━━━ SOURCE MATERIAL ━━━
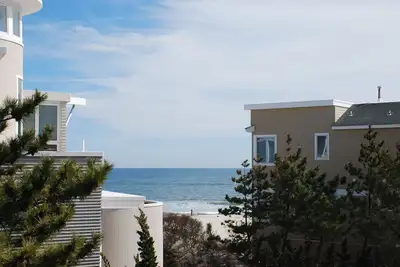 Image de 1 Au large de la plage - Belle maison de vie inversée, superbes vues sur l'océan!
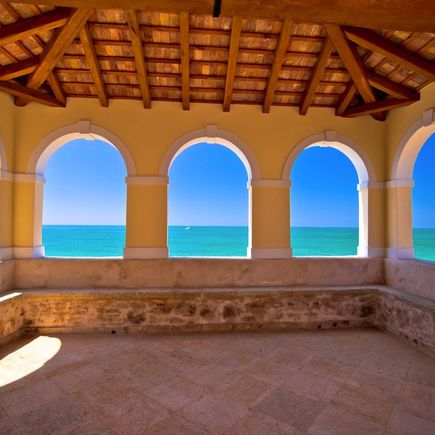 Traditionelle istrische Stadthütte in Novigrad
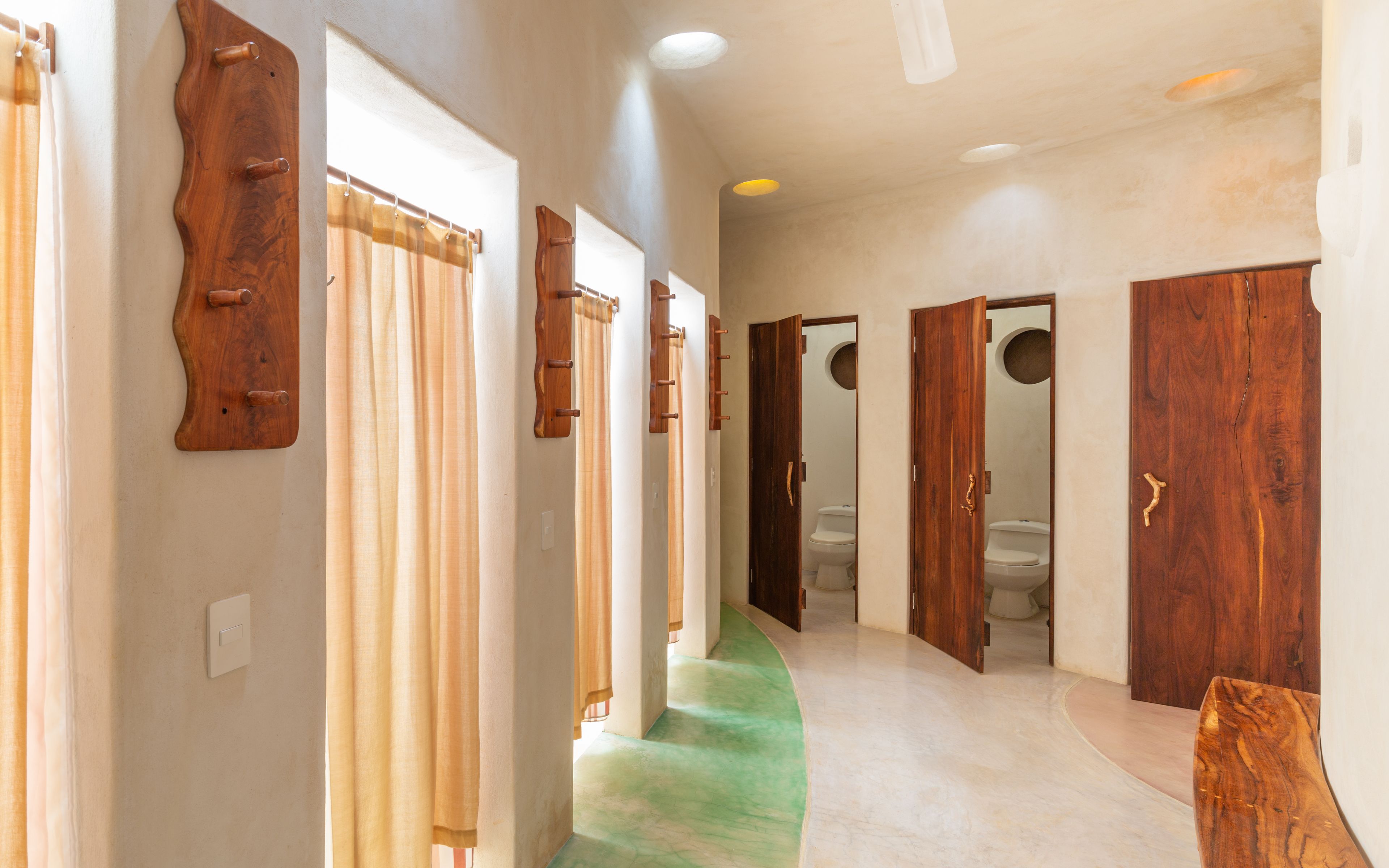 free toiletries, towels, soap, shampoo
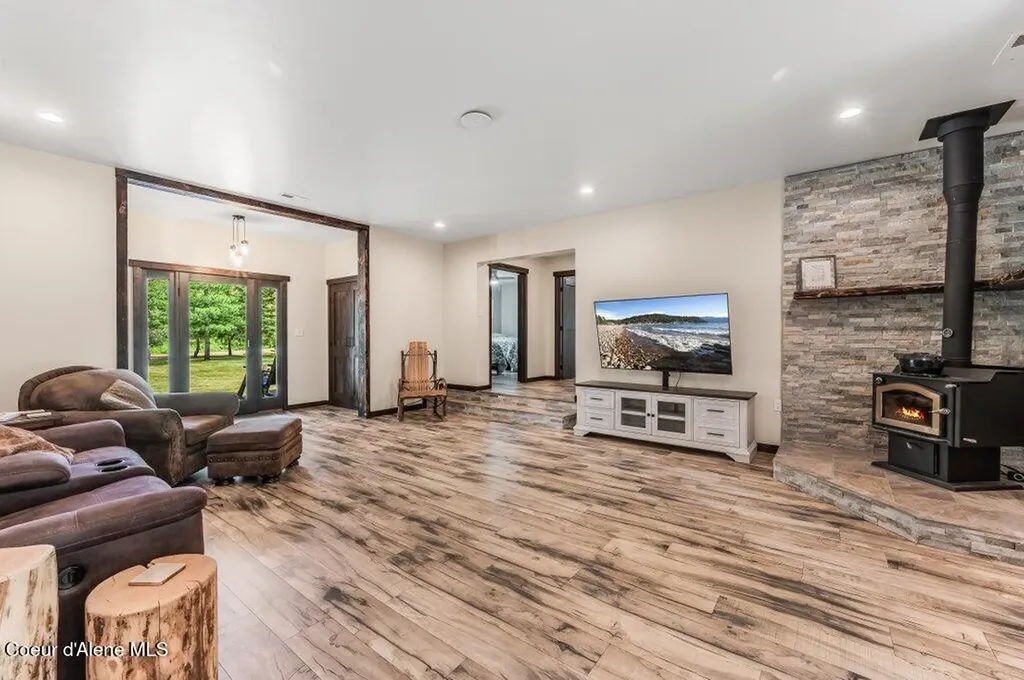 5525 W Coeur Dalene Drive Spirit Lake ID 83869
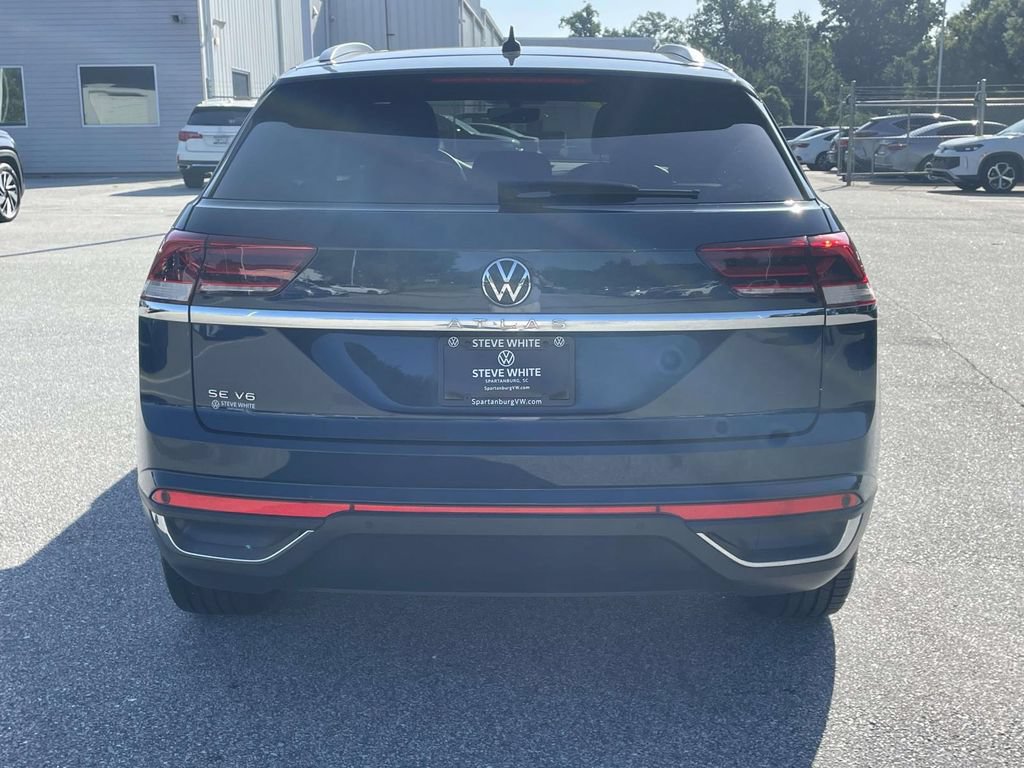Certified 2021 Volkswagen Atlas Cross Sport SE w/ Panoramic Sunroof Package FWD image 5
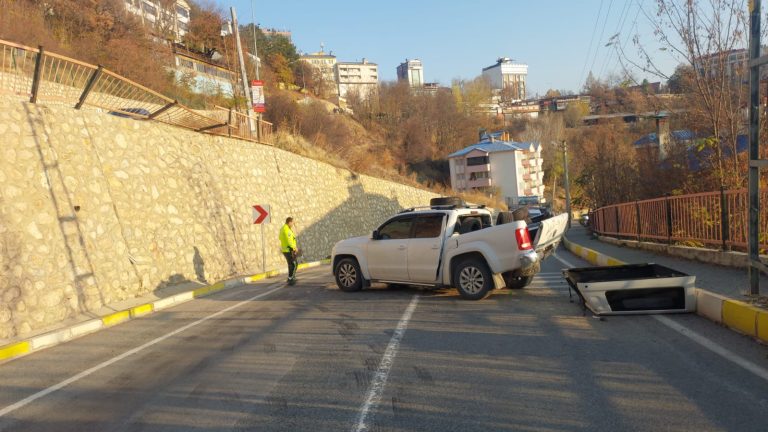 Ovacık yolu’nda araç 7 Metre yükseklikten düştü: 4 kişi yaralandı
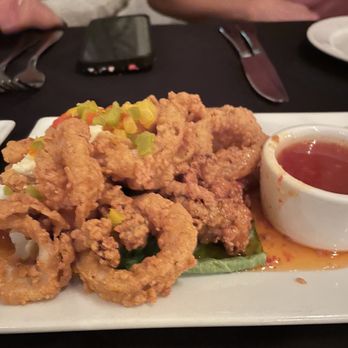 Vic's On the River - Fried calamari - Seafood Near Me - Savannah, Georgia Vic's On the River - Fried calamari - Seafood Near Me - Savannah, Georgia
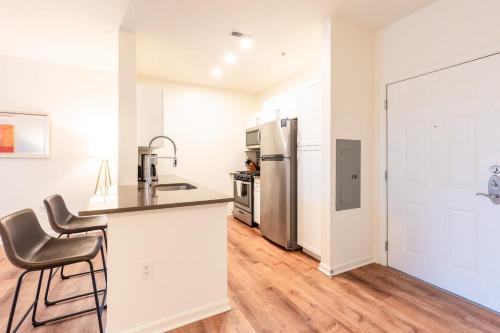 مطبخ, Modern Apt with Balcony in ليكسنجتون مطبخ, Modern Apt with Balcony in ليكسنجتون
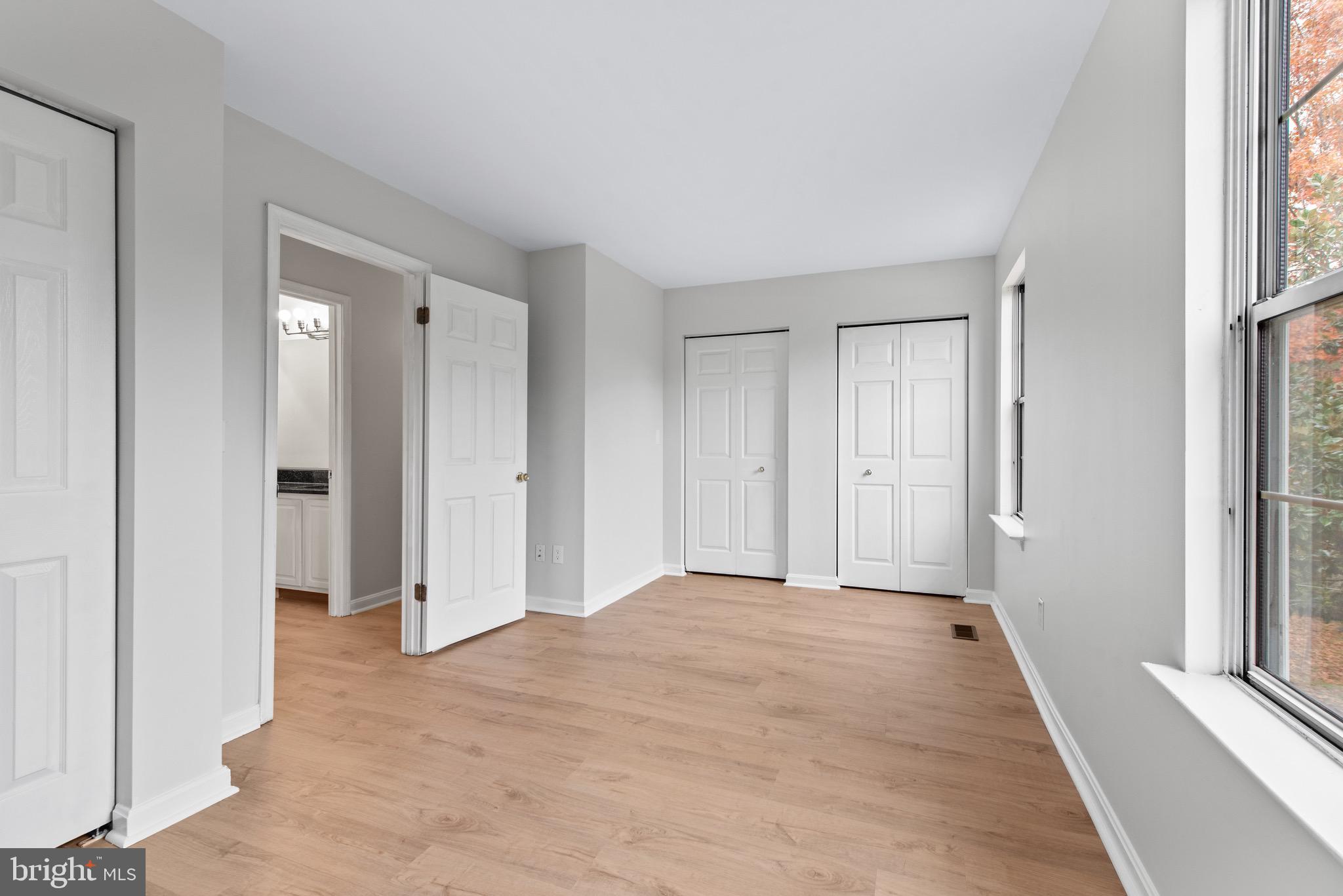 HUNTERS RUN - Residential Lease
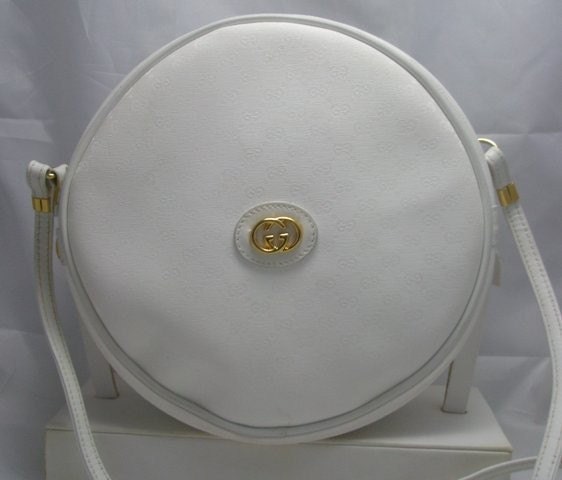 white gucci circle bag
━━━
# ABOUT THIS EXERCISE
Repeat every record exactly, but not the pictures.

# RESPONSE TO THE TASK
 Image de 1 Au large de la plage - Belle maison de vie inversée, superbes vues sur l'océan!
 Traditionelle istrische Stadthütte in Novigrad
 free toiletries, towels, soap, shampoo
 5525 W Coeur Dalene Drive Spirit Lake ID 83869
Certified 2021 Volkswagen Atlas Cross Sport SE w/ Panoramic Sunroof Package FWD image 5
 Ovacık yolu’nda araç 7 Metre yükseklikten düştü: 4 kişi yaralandı
 Vic's On the River - Fried calamari - Seafood Near Me - Savannah, Georgia Vic's On the River - Fried calamari - Seafood Near Me - Savannah, Georgia
 مطبخ, Modern Apt with Balcony in ليكسنجتون مطبخ, Modern Apt with Balcony in ليكسنجتون
 HUNTERS RUN - Residential Lease
 white gucci circle bag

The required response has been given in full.